_Directions for this task_
The full listing, excluding its pictures, should be printed exactly as it stands.

BEGIN Input data

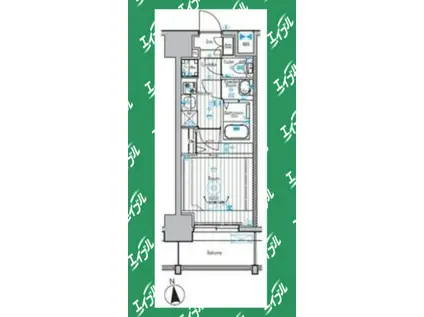 メイクスアート上前津VI(1K/9階)の間取り写真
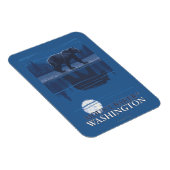 Magnet Flexible Ours au clair de lune - Mount Baker, Washington (Côté Droit)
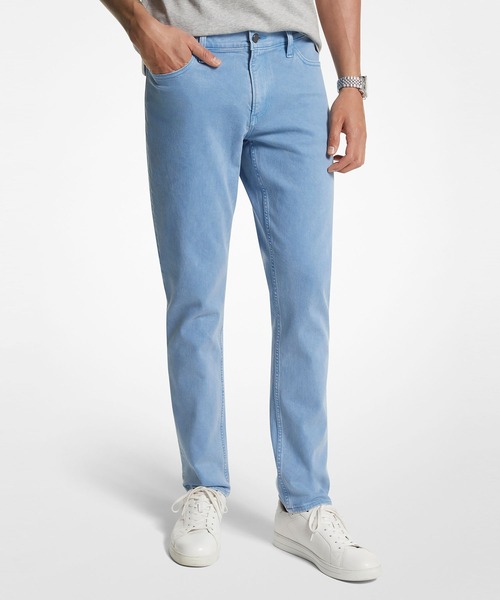 MICHAEL KORS パンツ PARKER スリムフィット ピグメント ダイ 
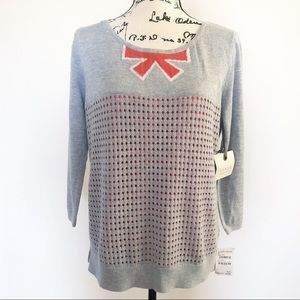 hinge Perforated Layered Knit Sweater B1 NWT hinge Perforated Layered Knit Sweater B1 NWT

END Input data

_Response box_
 メイクスアート上前津VI(1K/9階)の間取り写真
 Magnet Flexible Ours au clair de lune - Mount Baker, Washington (Côté Droit)
 MICHAEL KORS パンツ PARKER スリムフィット ピグメント ダイ 
 hinge Perforated Layered Knit Sweater B1 NWT hinge Perforated Layered Knit Sweater B1 NWT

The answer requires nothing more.